THE TASK —
Repeat exactly, and only, the lines of the entries below from the one with "Gray-orange patterned wallpaper Gray-orange" through the one with "Jewelry Pouches Triangle", both ends included.
SUPPLIED DATA Block Start
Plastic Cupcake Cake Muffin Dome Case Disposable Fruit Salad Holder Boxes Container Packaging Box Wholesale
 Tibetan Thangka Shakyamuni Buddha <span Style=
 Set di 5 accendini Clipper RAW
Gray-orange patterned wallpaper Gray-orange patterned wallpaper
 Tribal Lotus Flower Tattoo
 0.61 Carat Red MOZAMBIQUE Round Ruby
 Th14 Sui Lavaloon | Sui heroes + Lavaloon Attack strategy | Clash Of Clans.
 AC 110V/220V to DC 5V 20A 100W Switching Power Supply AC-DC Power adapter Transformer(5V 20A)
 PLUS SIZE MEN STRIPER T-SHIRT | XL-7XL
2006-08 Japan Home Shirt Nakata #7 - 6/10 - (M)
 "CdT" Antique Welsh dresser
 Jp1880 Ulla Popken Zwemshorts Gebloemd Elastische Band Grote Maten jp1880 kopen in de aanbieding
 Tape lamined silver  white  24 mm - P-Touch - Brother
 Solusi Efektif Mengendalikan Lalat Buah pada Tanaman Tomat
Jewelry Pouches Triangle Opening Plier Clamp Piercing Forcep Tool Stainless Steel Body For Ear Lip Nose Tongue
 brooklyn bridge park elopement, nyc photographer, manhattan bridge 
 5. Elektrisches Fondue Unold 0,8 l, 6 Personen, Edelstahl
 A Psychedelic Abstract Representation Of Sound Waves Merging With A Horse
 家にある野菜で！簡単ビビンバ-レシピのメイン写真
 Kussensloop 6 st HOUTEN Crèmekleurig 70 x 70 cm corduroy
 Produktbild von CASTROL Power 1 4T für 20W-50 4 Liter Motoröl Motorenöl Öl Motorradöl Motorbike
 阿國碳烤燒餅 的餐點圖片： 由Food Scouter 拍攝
SUPPLIED DATA Block End
SOLUTION BELOW —
Gray-orange patterned wallpaper Gray-orange patterned wallpaper
 Tribal Lotus Flower Tattoo
 0.61 Carat Red MOZAMBIQUE Round Ruby
 Th14 Sui Lavaloon | Sui heroes + Lavaloon Attack strategy | Clash Of Clans.
 AC 110V/220V to DC 5V 20A 100W Switching Power Supply AC-DC Power adapter Transformer(5V 20A)
 PLUS SIZE MEN STRIPER T-SHIRT | XL-7XL
2006-08 Japan Home Shirt Nakata #7 - 6/10 - (M)
 "CdT" Antique Welsh dresser
 Jp1880 Ulla Popken Zwemshorts Gebloemd Elastische Band Grote Maten jp1880 kopen in de aanbieding
 Tape lamined silver  white  24 mm - P-Touch - Brother
 Solusi Efektif Mengendalikan Lalat Buah pada Tanaman Tomat
Jewelry Pouches Triangle Opening Plier Clamp Piercing Forcep Tool Stainless Steel Body For Ear Lip Nose Tongue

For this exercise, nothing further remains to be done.